Omong-omong soal merek, Samir Dixit, Managing Director dari Brand Finance Asia Pacific of Brand Finance PLC, menyatakan bahwa entitas penting tersebut punya kekuatan yang pengaruhnya tidak hanya dirasakan konsumen sebagai pengguna akhir, namun juga pada pemegang saham dan nilai bisnis.

"Setiap tahun sekitar 95% produk baru gagal di pasaran karena kesalahan branding. Merek dan kemasan diperlukan agar konsumen terinformasi dengan baik akan kandungan produk, latar belakang produsen, distributor, dan lain-lain,” katanya.

Direktur Jenderal Kekayaan Intelektual (Dirjen KI) Freddy Harris menegaskan, mengangkat sebuah merek bukanlah urusan gampang.

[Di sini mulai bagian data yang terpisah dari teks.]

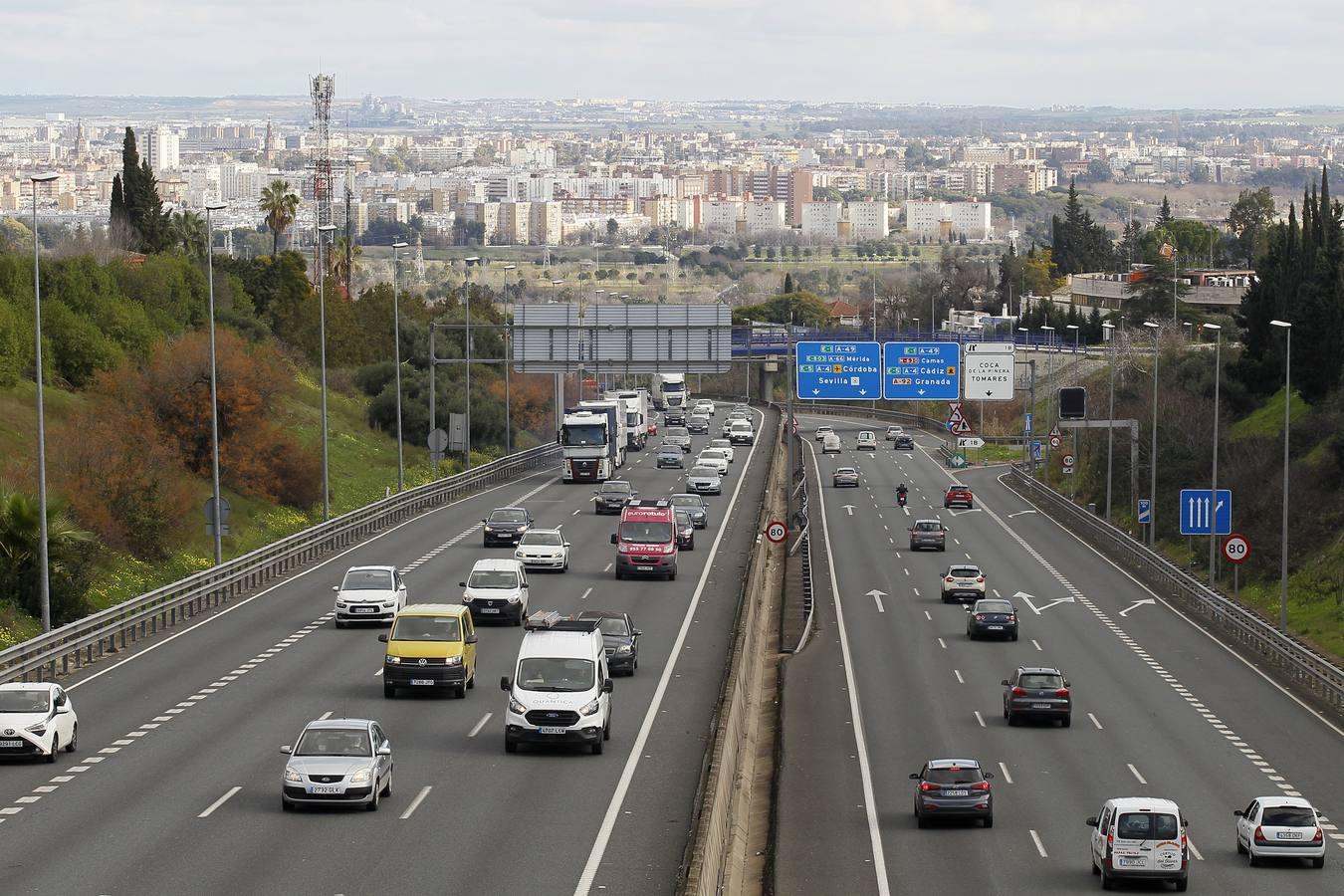 Las imágenes del ambiente que se vive en Sevilla con el cierre perimetral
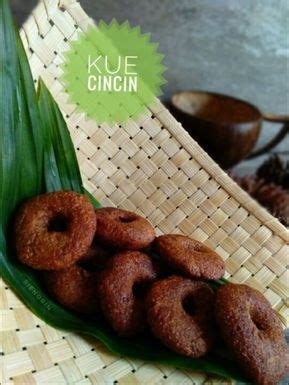 Yes, salah satu variasi donat yang satu ini memang lagi viral banget di indonesia. Resep Cara Membuat Kue Cincin Lembut dan Enak - Kue cincin ...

Agar sebuah merek diterima masyarakat, butuh konsistensi, komitmen, investasi, dan lain sebagainya. Karena itulah selama pemangku kebijakan punya itikad baik memenuhi kebutuhan produsen dan konsumen, aturan soal pembatasan merek justru bertolak belakang dari konsep merek itu sendiri.

Dari perilaku Orde Baru kita belajar: pencekalan terhadap seorang D.N. Aidit puluhan tahun silam telah menimbulkan efek domino bagi kaum semarga dan senegara, bahkan hingga hari ini. Karena itulah di era serba terbuka begini kita berharap kekhawatiran berlebihan terhadap sebuah produk, sebuah merek, bisa disikapi dengan lebih bijak dan hati-hati.